Erst vier Jahre und eine ­Nintendo-Konsole später wendet sich das Blatt: Das Open-World-Abenteuer erscheint aber nicht nur für Switch, sondern auch für PS4 und Xbox One. Inhaltlich hat sich nichts geändert: ­Wieder schlüpft Ihr in die Rolle des ­Polizisten Chase McCain, der den ausgebrochenen Erzganoven Rex Fury einfangen soll. Der zentrale Handlungsstrang wird vor allem über 15 ”Sondereinsätze” erzählt, die sich das ”normale” Lego-Spielkonzept zu eigen machen: Hier marschiert Ihr durch in sich geschlossene Szenarien, in denen gehüpft, geklettert und gekloppt wird. Dazu gesellen sich kleine Rätsel, bei denen durch verschiedene Outfits freischaltbare Fähigkeiten wie das Knacken von Türen (als Ganove) oder das Züchten von Pflanzen (als Gärtner) die Hauptrolle spielen. Obwohl das nicht innovativ ist, spielt sich diese Mischung auch heute noch angenehm frisch, weil die einzelnen Elemente nicht überstrapaziert werden. Daneben lockt die erfreulich weitläufige und abwechslungsreiche Stadt, die Ihr zu Fuß oder mit zahlreichen Fahrzeugen erkundet – rund 80% des Spielinhalts sind darin auf zahllose Such-, Sammel- und Ent­deckungsaufgaben verteilt.

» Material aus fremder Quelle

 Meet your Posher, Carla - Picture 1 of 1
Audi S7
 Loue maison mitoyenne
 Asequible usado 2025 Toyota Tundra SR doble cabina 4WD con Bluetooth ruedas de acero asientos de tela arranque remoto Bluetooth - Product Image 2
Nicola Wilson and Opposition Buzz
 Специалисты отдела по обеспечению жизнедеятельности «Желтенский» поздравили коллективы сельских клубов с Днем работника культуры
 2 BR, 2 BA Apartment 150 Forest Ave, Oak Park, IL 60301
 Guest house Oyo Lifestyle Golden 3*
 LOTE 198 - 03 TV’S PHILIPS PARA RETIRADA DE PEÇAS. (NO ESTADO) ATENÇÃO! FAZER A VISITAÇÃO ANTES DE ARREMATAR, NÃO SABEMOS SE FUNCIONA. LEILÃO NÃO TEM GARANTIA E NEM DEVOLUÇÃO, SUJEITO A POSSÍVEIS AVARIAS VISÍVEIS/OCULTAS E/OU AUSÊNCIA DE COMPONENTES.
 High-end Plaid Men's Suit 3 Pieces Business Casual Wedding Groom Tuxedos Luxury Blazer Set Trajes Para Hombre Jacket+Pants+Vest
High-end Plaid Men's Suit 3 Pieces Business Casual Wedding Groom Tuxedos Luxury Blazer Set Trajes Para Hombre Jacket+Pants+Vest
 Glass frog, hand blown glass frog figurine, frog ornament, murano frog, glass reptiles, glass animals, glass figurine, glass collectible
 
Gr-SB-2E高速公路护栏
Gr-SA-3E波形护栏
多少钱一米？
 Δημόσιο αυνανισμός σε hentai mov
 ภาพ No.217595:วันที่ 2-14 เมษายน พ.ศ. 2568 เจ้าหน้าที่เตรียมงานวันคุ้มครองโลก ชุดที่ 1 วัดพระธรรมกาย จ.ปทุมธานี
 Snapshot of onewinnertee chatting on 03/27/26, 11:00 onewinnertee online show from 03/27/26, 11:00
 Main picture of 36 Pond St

Zwangsläufig geändert werden mussten die ursprünglich GamePad-spezifischen Aktionen, was aber kaum auffällt: Die Scanfunktion wird nun eben per Knopfdruck aufgerufen und die Stadtkarte findet links unten im Bild ihren Platz – das funktioniert reibungslos und fühlt sich an, als ob alles schon immer so gewesen wäre. Einzig echte Neuerung ist der Koop-Modus, bei dem Ihr nun via (stets vertikalem) Splitscreen gemeinsam mit einem Kumpel losziehen dürft: eine obligatorische und gerne gesehene Erweiterung, leider wie üblich aber ohne ­Online-Unterstützung. (Fast) Gänzlich behoben wurden die größten Kritikpunkte des Wii-U-Originals: Bildrate und Ladezeiten sind auf allen Systemen stabiler beziehungsweise kürzer.